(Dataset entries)
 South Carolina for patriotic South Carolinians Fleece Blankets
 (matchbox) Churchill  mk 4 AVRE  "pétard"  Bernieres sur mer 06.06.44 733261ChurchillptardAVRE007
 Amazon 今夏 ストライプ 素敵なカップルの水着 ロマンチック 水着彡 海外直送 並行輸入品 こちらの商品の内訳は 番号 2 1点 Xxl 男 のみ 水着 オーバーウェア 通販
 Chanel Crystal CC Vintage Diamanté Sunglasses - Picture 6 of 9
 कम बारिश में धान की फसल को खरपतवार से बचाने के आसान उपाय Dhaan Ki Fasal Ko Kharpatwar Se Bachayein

---

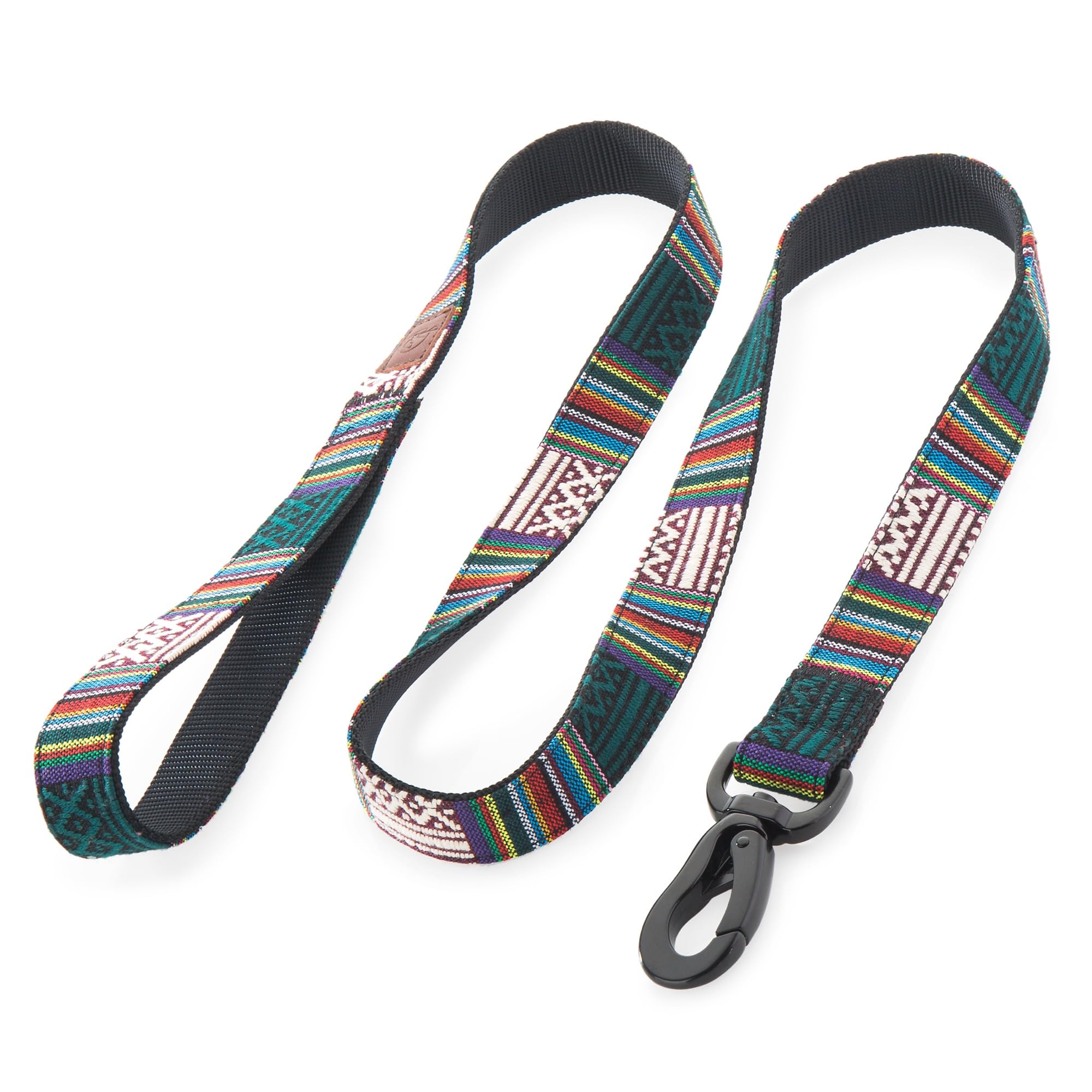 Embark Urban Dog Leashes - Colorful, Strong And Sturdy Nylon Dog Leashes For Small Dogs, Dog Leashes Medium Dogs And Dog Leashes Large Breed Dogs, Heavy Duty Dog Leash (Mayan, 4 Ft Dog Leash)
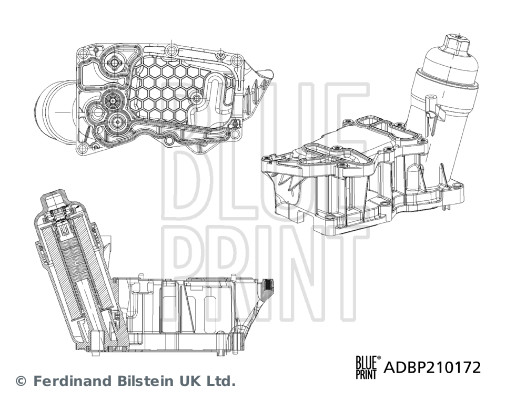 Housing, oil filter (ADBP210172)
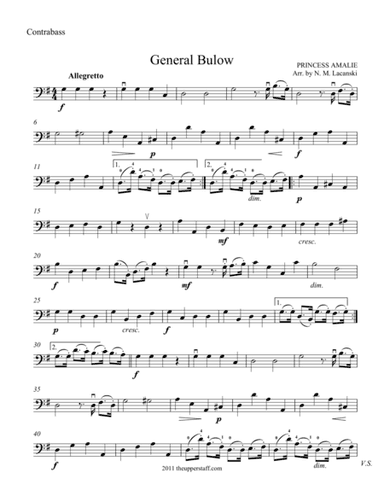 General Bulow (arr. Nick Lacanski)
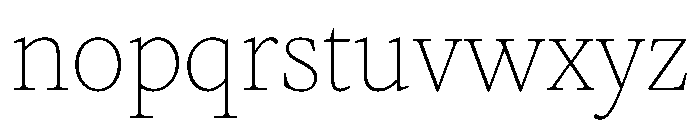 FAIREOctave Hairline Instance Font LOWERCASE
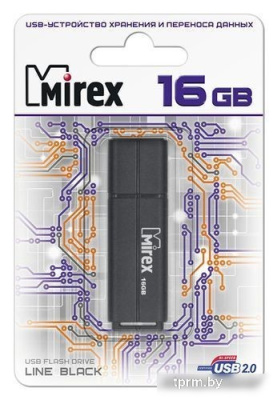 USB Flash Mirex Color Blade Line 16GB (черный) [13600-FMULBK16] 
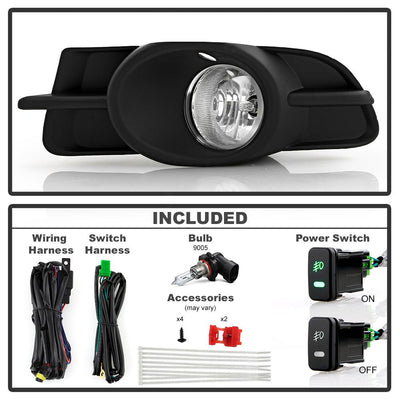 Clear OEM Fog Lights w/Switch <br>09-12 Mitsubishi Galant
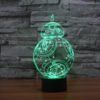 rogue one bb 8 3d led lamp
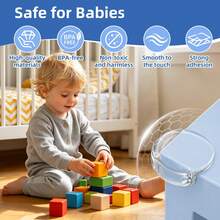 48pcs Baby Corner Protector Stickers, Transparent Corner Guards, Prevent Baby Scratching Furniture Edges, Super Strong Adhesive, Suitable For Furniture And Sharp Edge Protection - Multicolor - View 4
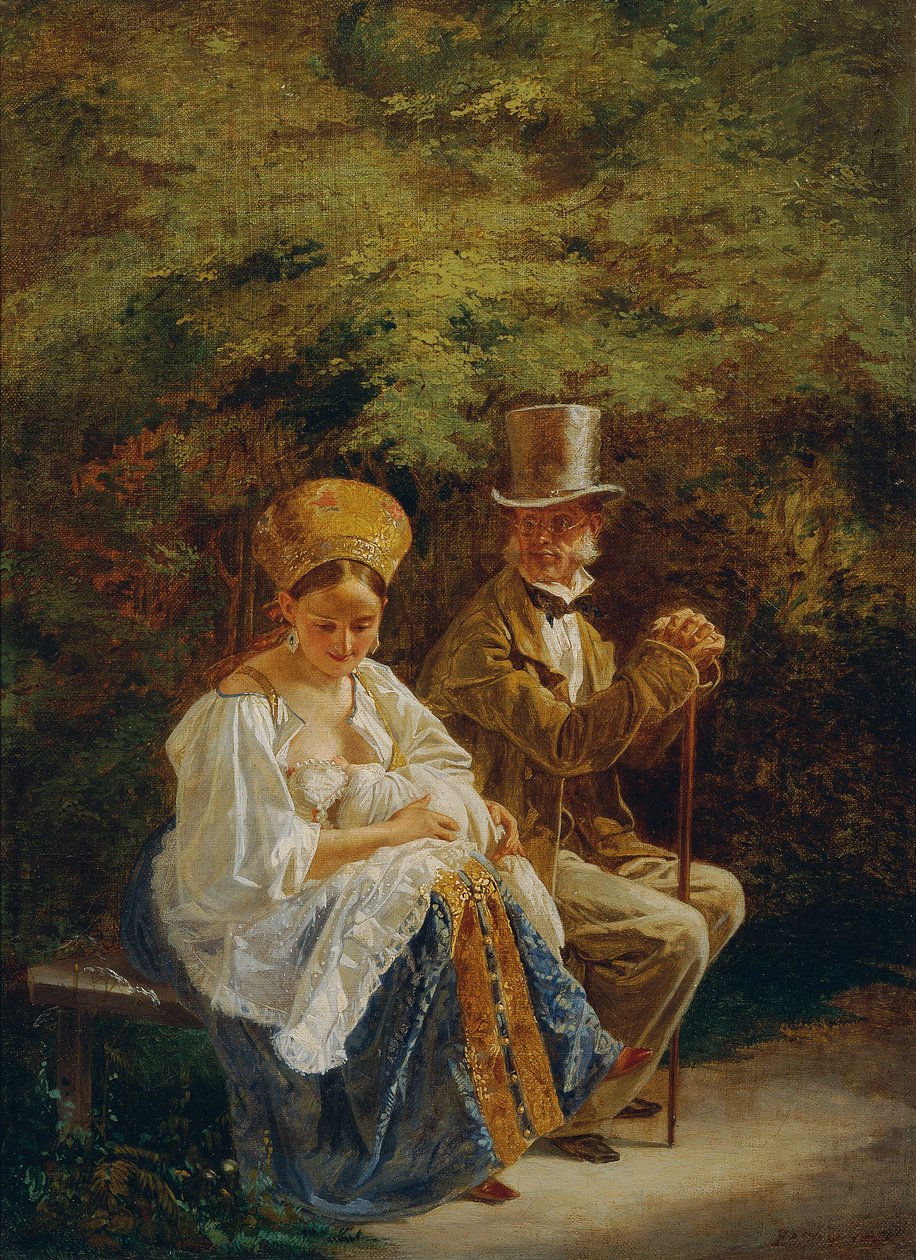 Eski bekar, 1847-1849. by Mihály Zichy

...

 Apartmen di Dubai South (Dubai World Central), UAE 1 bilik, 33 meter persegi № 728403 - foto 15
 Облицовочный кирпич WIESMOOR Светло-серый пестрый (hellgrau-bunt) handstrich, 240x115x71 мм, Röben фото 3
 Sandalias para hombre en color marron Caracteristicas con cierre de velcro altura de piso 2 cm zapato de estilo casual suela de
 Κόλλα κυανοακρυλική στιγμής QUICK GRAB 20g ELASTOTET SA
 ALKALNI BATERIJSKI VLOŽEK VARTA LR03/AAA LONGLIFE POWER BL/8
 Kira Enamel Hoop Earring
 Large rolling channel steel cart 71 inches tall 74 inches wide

• **Task item**
Only the lines above from the line with "Amazon 今夏 ストライプ" to the line with "कम बारिश में", those two lines included, should be reproduced exactly.

• **Task solution**
 Amazon 今夏 ストライプ 素敵なカップルの水着 ロマンチック 水着彡 海外直送 並行輸入品 こちらの商品の内訳は 番号 2 1点 Xxl 男 のみ 水着 オーバーウェア 通販
 Chanel Crystal CC Vintage Diamanté Sunglasses - Picture 6 of 9
 कम बारिश में धान की फसल को खरपतवार से बचाने के आसान उपाय Dhaan Ki Fasal Ko Kharpatwar Se Bachayein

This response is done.